Russian President Vladimir Putin has renewed his call for a political solution to the war in Syria, during a rare visit by the Syrian leader.

Mr Putin told Bashar al-Assad the military campaign was “wrapping up”, but there was still “a long way to go”.

A two-year Russian air campaign has given Syria a clear upper hand in the civil war, which began in 2011.

The meeting comes ahead of talks between Syria’s allies Russia and Iran, and Turkey, which backs the rebels.

The three powers have increasingly co-operated in recent months to set up a series of so-called de-escalation zones aimed at calming fighting across Syria.

Speaking to Russian television after the meeting on Monday evening, Mr Putin said he intended to talk with US President Donald Trump and the Emir of Qatar about a resolution to the conflict.

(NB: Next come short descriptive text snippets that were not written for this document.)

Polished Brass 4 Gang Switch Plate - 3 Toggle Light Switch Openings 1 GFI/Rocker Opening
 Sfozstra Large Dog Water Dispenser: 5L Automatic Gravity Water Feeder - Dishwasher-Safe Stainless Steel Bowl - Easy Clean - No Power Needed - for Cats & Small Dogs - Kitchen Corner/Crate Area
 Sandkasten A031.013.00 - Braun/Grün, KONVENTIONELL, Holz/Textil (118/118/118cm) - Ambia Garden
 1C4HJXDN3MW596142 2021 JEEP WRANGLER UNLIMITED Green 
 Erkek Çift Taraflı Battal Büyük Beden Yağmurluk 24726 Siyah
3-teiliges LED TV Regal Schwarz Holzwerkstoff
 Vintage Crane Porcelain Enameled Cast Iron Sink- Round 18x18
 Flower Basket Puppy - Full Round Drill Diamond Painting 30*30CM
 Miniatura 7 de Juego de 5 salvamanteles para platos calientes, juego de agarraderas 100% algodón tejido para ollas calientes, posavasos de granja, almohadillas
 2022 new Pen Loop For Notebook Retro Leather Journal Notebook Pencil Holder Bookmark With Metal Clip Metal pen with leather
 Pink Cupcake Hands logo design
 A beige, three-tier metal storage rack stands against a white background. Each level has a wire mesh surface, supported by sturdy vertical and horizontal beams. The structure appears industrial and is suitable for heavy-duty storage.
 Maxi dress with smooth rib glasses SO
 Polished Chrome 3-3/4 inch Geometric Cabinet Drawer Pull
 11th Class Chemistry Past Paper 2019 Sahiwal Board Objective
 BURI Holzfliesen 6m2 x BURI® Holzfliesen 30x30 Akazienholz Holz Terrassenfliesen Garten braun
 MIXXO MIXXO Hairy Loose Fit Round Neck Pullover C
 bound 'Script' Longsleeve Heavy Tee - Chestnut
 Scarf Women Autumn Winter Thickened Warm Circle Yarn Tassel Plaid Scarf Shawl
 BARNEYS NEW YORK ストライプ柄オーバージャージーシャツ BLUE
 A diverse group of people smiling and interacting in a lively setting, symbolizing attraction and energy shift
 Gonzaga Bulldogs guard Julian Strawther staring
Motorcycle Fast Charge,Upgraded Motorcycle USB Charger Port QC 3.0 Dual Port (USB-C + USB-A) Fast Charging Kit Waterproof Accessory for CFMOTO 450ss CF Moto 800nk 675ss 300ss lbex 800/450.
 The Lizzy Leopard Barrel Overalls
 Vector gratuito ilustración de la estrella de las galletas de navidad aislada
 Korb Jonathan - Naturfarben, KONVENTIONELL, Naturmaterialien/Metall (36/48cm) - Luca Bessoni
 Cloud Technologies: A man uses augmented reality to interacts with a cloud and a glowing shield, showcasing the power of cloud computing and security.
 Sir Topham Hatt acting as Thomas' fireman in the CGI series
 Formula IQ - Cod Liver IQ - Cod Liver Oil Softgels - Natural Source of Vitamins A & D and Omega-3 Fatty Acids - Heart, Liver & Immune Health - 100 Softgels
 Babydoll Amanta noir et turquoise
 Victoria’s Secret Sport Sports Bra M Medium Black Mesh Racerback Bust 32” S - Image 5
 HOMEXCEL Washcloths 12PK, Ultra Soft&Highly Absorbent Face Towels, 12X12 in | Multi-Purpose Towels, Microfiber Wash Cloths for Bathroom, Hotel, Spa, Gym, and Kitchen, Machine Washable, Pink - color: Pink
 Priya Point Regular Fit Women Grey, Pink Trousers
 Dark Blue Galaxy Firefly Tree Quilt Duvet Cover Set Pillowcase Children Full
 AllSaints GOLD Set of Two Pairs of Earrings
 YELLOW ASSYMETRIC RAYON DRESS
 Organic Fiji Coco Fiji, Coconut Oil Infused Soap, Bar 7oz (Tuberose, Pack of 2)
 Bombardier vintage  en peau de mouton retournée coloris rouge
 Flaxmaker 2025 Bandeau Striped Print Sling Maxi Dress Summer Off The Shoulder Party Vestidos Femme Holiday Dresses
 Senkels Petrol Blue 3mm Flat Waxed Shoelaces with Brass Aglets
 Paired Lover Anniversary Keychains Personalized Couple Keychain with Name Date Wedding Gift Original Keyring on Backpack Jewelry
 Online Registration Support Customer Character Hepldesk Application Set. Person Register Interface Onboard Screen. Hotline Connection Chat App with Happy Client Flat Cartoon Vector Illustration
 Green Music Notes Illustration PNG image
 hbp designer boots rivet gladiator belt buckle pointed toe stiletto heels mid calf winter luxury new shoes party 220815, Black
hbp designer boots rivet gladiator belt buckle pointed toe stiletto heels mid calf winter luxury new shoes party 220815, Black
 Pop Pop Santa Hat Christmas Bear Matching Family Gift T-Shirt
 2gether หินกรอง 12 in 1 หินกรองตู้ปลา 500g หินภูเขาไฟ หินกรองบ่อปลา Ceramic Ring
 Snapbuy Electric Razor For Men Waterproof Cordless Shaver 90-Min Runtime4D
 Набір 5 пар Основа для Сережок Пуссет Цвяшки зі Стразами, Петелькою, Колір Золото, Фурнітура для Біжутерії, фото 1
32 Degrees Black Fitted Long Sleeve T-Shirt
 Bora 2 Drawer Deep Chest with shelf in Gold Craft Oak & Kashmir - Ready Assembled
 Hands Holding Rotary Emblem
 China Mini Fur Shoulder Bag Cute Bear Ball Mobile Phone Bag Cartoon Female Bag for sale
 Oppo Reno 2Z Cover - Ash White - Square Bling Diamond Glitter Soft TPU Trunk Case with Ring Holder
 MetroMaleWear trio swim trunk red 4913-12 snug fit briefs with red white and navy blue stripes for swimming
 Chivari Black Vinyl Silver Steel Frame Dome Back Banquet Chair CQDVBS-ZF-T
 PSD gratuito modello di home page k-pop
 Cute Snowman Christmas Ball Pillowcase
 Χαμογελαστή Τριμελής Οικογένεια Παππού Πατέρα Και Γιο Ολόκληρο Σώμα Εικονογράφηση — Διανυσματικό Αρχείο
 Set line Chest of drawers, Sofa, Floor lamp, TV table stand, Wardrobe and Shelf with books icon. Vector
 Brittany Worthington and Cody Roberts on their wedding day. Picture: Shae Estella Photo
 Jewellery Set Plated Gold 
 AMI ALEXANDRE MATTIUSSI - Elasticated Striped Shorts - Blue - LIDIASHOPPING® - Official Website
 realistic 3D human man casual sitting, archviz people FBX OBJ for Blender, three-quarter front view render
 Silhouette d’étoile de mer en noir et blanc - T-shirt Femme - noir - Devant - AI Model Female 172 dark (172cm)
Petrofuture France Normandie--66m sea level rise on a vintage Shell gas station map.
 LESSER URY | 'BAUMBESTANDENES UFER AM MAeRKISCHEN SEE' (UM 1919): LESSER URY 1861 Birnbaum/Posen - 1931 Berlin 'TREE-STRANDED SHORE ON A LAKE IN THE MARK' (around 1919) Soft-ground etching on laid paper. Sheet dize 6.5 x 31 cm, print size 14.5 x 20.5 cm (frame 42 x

“We still have a long way to go before we achieve a complete victory over terrorists,” Mr Putin said at the meeting in Sochi. “But as far as our joint work in fighting terrorism on the territory of Syria is concerned, this military operation is indeed wrapping up.”

The Syrian and Russian leaders have long characterised the rebels as terrorists.

  • Why is there a war in Syria?
  • How much of Syria has Russia recaptured?

Mr Assad was on Russian soil for four hours, a Kremlin spokesman told the RIA news agency. He last visited Mr Putin in 2015 after Russia launched its military campaign.

Media captionThe BBC witnesses the last stand of IS in Syria

Mr Putin has previously announced his forces had largely achieved their objectives in Syria, but the air campaign has continued since then.

Russian has been accused of killing hundreds of Syrian civilians with its air strikes, something it has denied.

Speaking to Russian state television after the meeting, Mr Assad said: “At this stage, especially after we achieved victory over terrorists, it is in our interests to move forward with the political process.”

The leaders of the US, UK, France, Germany and the EU have all called for Mr Assad to step down since the beginning of the country’s bloody civil conflict, and the issue of Mr Assad’s future has been a stumbling block in previous peace talks.